Je n’ai pas fait plus d’un an de club. Je n’ai jamais voulu trop me fixer dans une équipe à un endroit, puisque j’étais en permanence entre au moins deux villes. Mais cette année-là, je me suis dit que j’allais essayer de jouer dans une équipe.

Les entraînements me plaisaient bien. Ils étaient parfois durs, mais se passaient bien, et les autres joueurs étaient relativement gentils, du moins au premier abord.

Ce qui changea pas mal mon avis, c’est l’évolution des relations, et puis surtout les matches. Malgré le fait que j’appartienne à une équipe, je ne pensais pas avoir de comptes à rendre en dehors du terrain. Peu à peu, je me suis rendu compte que la plupart des joueurs étaient des potes en dehors, et sortaient se biturer la gueule chaque jeudi / vendredi / samedi soir ensemble. Ce détail sportivement anodin pour moi a en fait constitué une barrière sociale qui allait m’interdire toute reconnaissance sur le terrain, du moins toute progression dans l’effectif.

Parce que ce qui manquait cruellement à ce club, c’est un coach digne de ce nom. Je me souviens que celui qui servait de coach, justement, était un gros nul en basket. Lors d’un match, alors que l’on devait mener de dix ou quinze points au début de la seconde mi-temps, il a eu l’idée de se faire entrer sur le terrain pour « mener » le jeu pendant les vingt minutes restantes. Il était non seulement mauvais dribbleur, mais shootais à tout va, enchaînant les briques contre la planche, et redonnant le ballon à l’adversaire. Ce match a été perdu, parce qu’un imbécile a cru intelligent d’essayer de briller alors qu’il ne possède rien pour cela.
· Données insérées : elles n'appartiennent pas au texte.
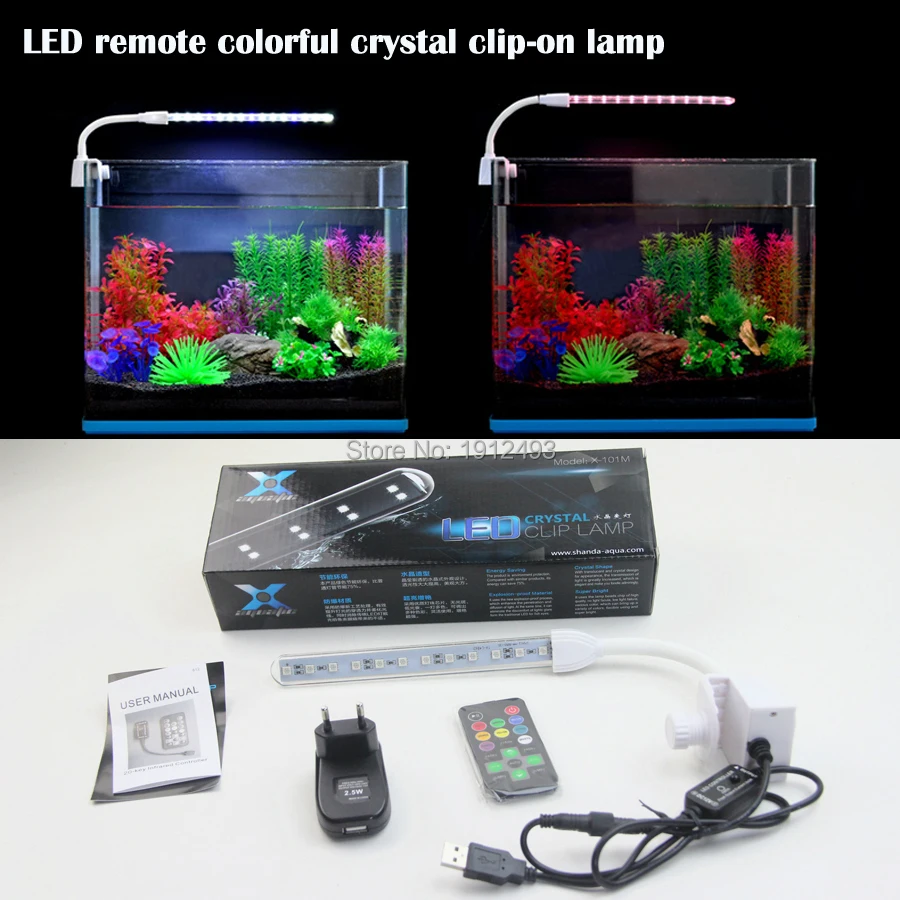 Colorful LED remote crystal clip lamp.jpg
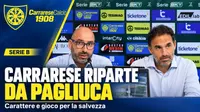 Carrarese calcio riparte da Pagliuca con una nuova identità per conquistare la salvezza. Video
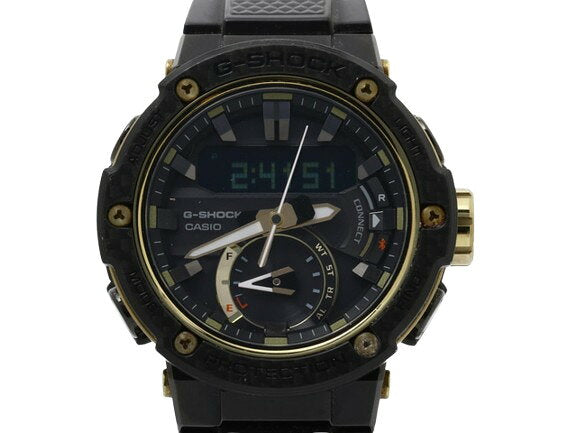 Japanese Vintage Watch | CASIO Casio Watch G-SHOCK G-STEEL GST-B200X-1A9JF Black Carbon Stainless Steel Resin Men's Bluetooth Solar Ana-Digi [Genuine Guaranteed] [Used]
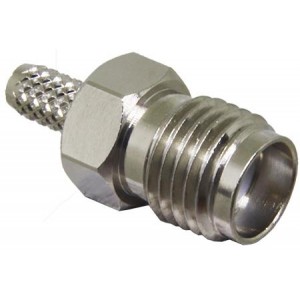 CONSMA011, РЧ соединители / Коаксиальные соединители SMA Female Cable End Crimp RG-174 Cable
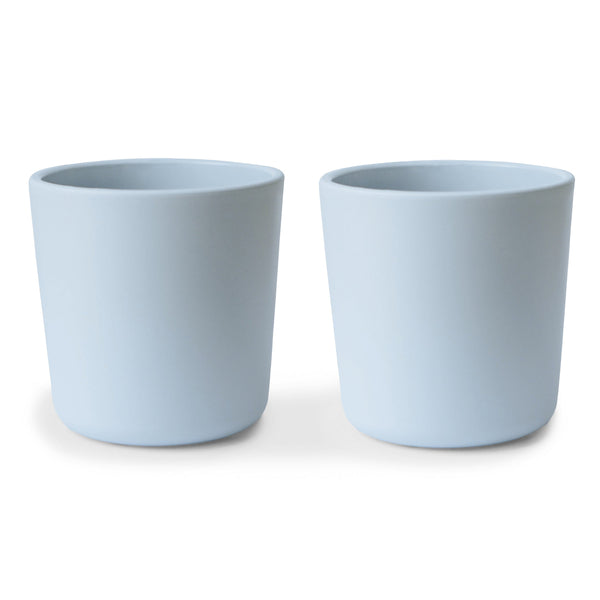 Colorful baby dinnerware cups in various sizes, perfect for mealtime fun and learning. Angle 9 view.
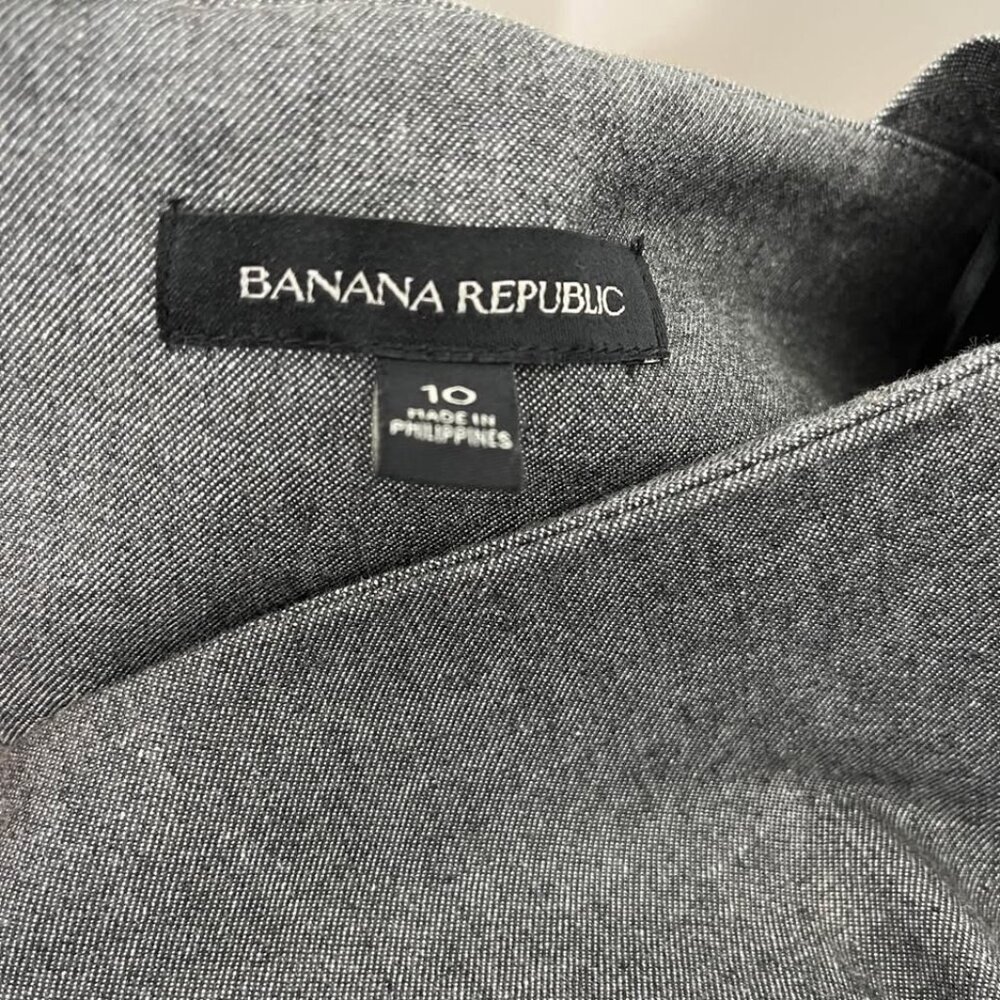 Banana Republic Gray Structured Corpcore Minimalist Sheath Luxe Dress [size 10] - Picture 9 of 10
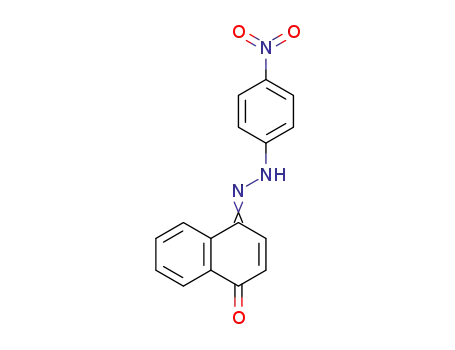 Molecular Structure of 36853-60-8 (1,4-Naphthalenedione, mono[(4-nitrophenyl)hydrazone])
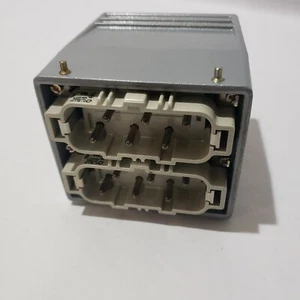PHOENIX CONTACT HEAVY DUTY HOOD ENCLOSED CONNECTOR, DOUBLE 6-POLE, 400VAC, - Bild 1 von 2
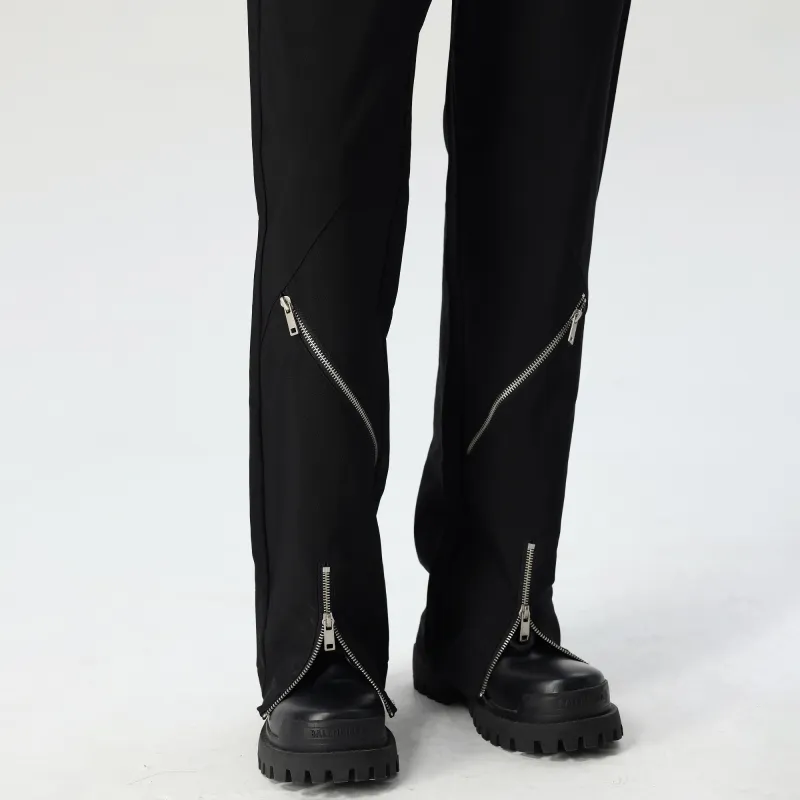 PILOTDRAGON Casual Pants Men Black-4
Un autre joueur, pas si mauvais, qui faisait aussi le coach de temps en temps, m’a beaucoup déçu lors d’un entraînement. En fait, je ne peux pas comprendre sa réaction, ni sa logique. Je le prenais pour quelqu’un de sensé et de courtois, mais lors d’un petit exercice de placement défensif, après avoir été passé et pendant que je shootais, il m’a poussé dans le dos, simplement, avec les deux mains. La seule chose drôle est que le panier est tout de même rentré. Le résultat a été une période de deux mois sans jouer puisqu’il m’avait massacré la colonne vertébrale.

Je garde un souvenir très mauvais de cette saison, avec de gros regrets et une incompréhension totale des ces gens-là. Il y avait des bons joueurs, ils le montraient, mais ils n’étaient jamais utilisés comme il le fallait. L’intelligence manquait.